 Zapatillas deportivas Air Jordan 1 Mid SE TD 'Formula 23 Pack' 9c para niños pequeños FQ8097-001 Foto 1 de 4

---

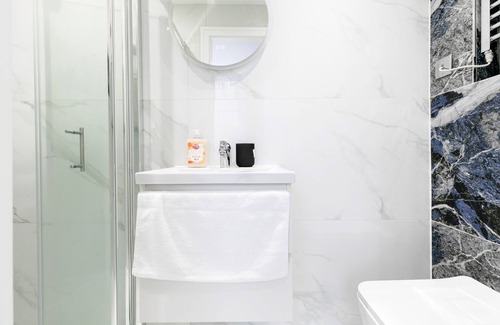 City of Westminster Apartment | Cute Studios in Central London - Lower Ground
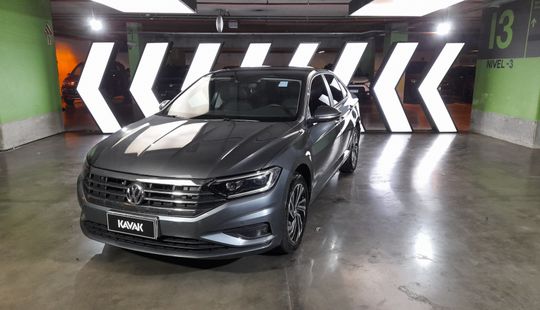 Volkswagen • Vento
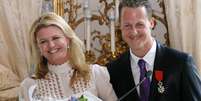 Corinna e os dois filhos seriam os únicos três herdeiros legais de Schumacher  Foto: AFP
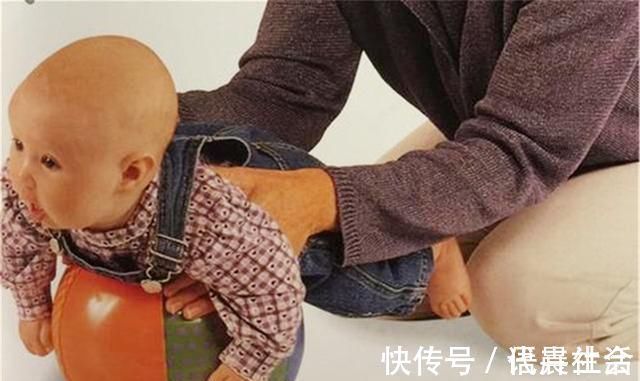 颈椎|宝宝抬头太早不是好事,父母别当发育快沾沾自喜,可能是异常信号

**THE TASK**
When you reach the line holding "Corinna e os" in the listing above, begin retyping exactly, and stop once the line holding "颈椎|宝宝抬头太早不是好事,父母别当发育快沾沾自喜,可能是异常信号" is done; pictures stay out.

**ANSWER TO THIS EXERCISE**
 Corinna e os dois filhos seriam os únicos três herdeiros legais de Schumacher  Foto: AFP
 颈椎|宝宝抬头太早不是好事,父母别当发育快沾沾自喜,可能是异常信号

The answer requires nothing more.